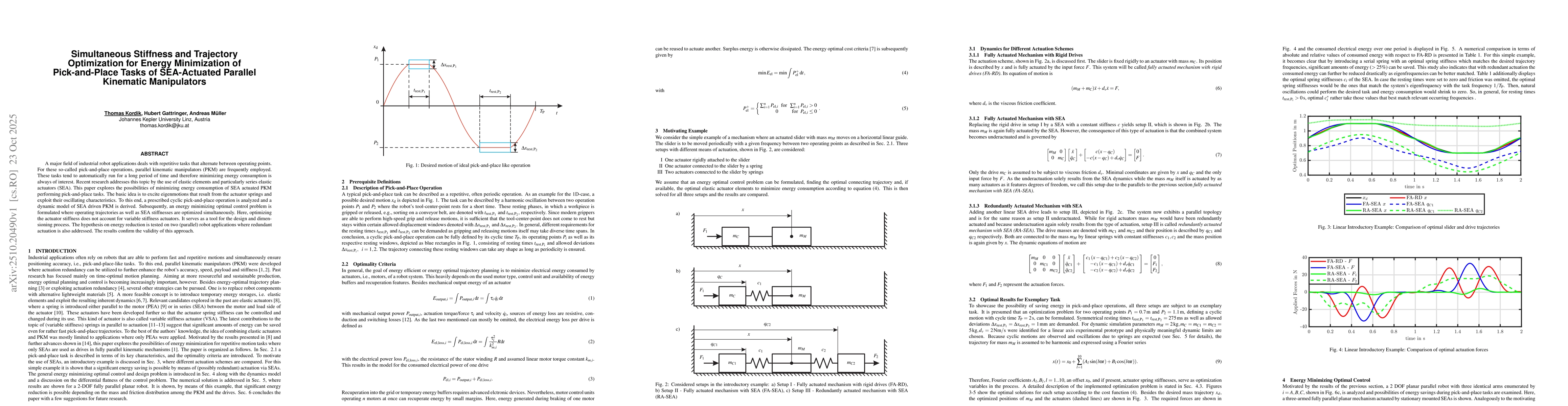 Thumbnail for Simultaneous Stiffness and Trajectory Optimization for Energy
  Minimization of Pick-and-Place Tasks of SEA-Actuated Parallel Kinematic
  Manipulators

-- Problem description --
Produce a word-for-word version of the material, with no pictures included.

-- Written response --
 Thumbnail for Simultaneous Stiffness and Trajectory Optimization for Energy
  Minimization of Pick-and-Place Tasks of SEA-Actuated Parallel Kinematic
  Manipulators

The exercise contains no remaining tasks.